Gaspard-Marie Janvier, Quel Trésor !, Fayard, pp. 156-157.

Livre deuxième

Le sauvetage

(C’est McGriogair qui parle)

« Il faut apprendre à parler une langue qui ne se réduise pas à une monnaie d’échange asservie à la communication, une langue qui exprime une mémoire de l’intelligence humaine dans un lieu, dans un milieu. Qu’on change le milieu, tout est à recommencer. J’ai derrière moi des générations de highlanders. Mes ancêtres ont appris la vie sur ces terres dures, hostiles, magnifiques. Ils furent rois, et parias. Enfants de la brume, capables de s’évanouir dans la lande à la vue d’un uniforme, ils furent chassés, persécutés, privés de nom pendant deux siècles – ce qui donna une multitude de « Greg », de « King », de « Black », de « Whyte » que l’on trouve aujourd’hui dans l’annuaire téléphonique. Ils forgèrent un langage dur, parfois hostile, magnifique qui parle encore entre mes lèvres. L’anglais de Blair a la superficialité d’une langue de colons et de collaborateurs. Cela va bien pour dialoguer entre colons et collaborateurs qui ne cessent de camoufler la brutalité de leurs appétits derrière les boursouflures de leur phrasé. Mais il ne suffit pas de régurgiter ses glandes au fond de la bouche pour parler à des hommes, qui ont subi la domination, qui en ont acquis une résistance peu commune, à l’occasion déloyale, parfois criminelle, aussi admirable que détestable. »   
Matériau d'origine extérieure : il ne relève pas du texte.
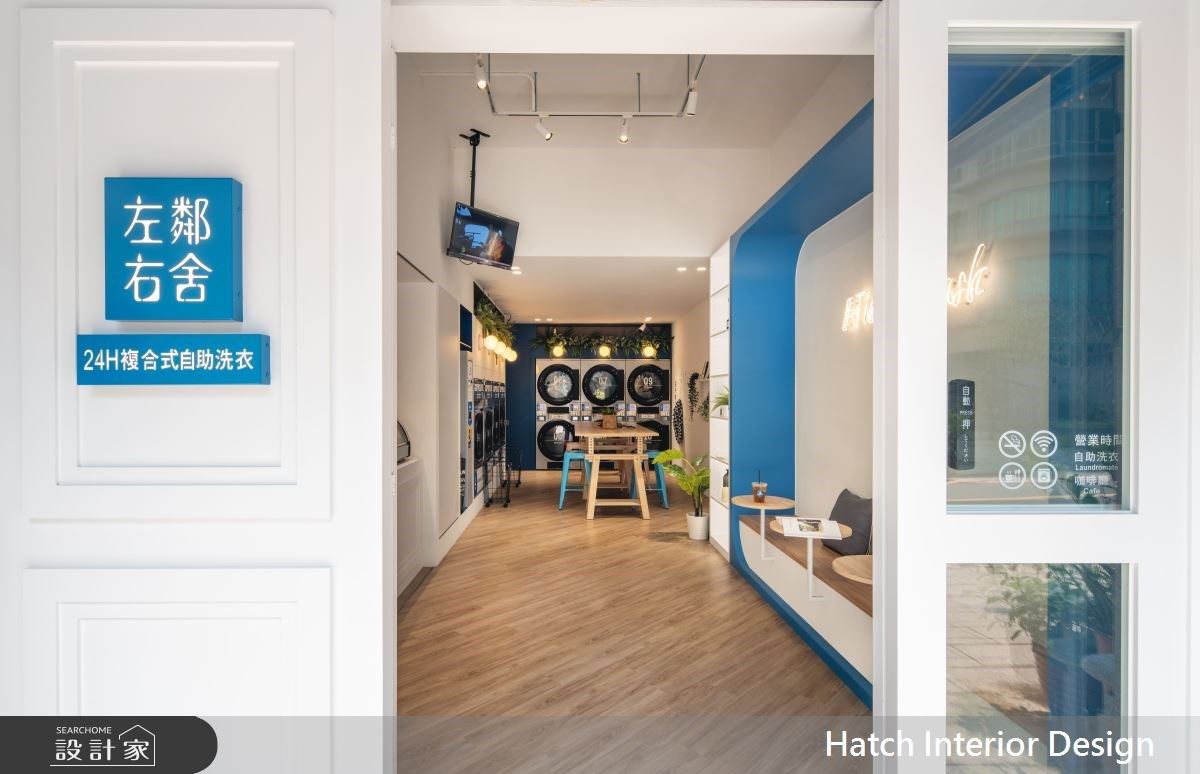 洗衣店也是打卡景點！IKEA家具+複合咖啡店的愛麗絲夢遊小仙境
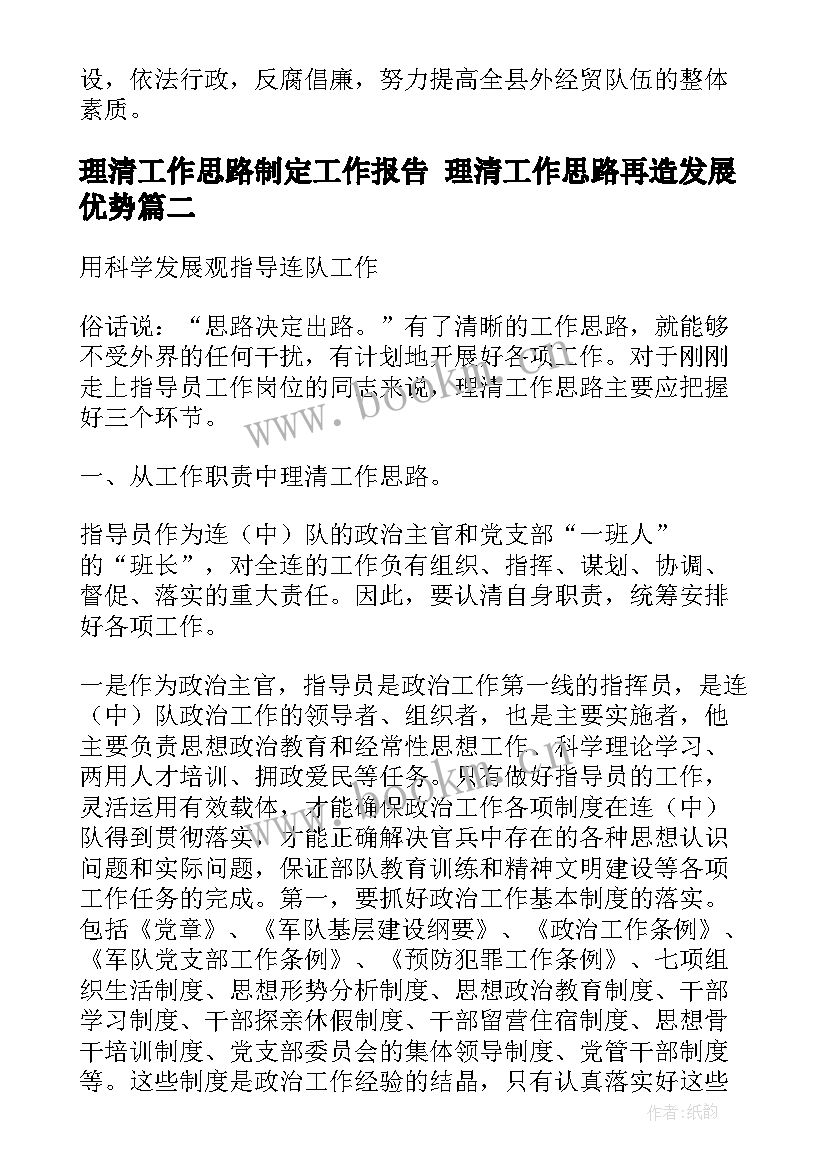 2023年理清工作思路制定工作报告 理清工作思路再造发展优势(大全5篇)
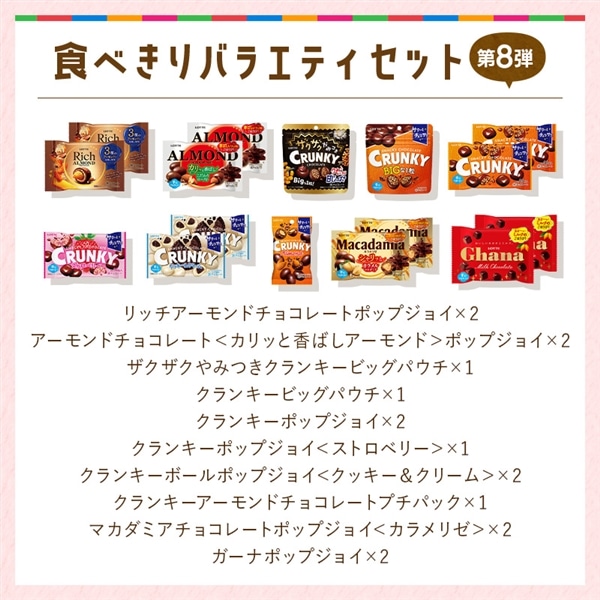 【送料込】食べきりバラエティセット第8弾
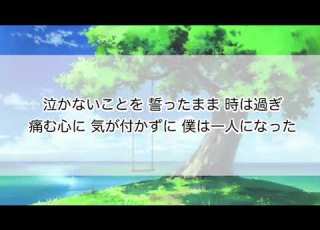  歌詞付き Hello Again 昔からある場所 My Little Lover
[1] Robert Louis Stevenson, « Le prisonnier d’Édimbourg et autres récits », Édition établie et présentée par François Rivière et Emmanuel Roussel, Bouquins, Robert Laffont, mai 2012.

[2] « …mais les auteurs, ah ! les auteurs, quelle barbe ! » p. 26.

[3] Conservateur du patrimoine, fonctionnaire pendant quarante ans.

[4]  p. 296-298 ou encore p. 353

[5] L’âne surnommé d’abord De-guerre-lasse…se nomme finalement Majestine, p. 289-290. Très beau passage.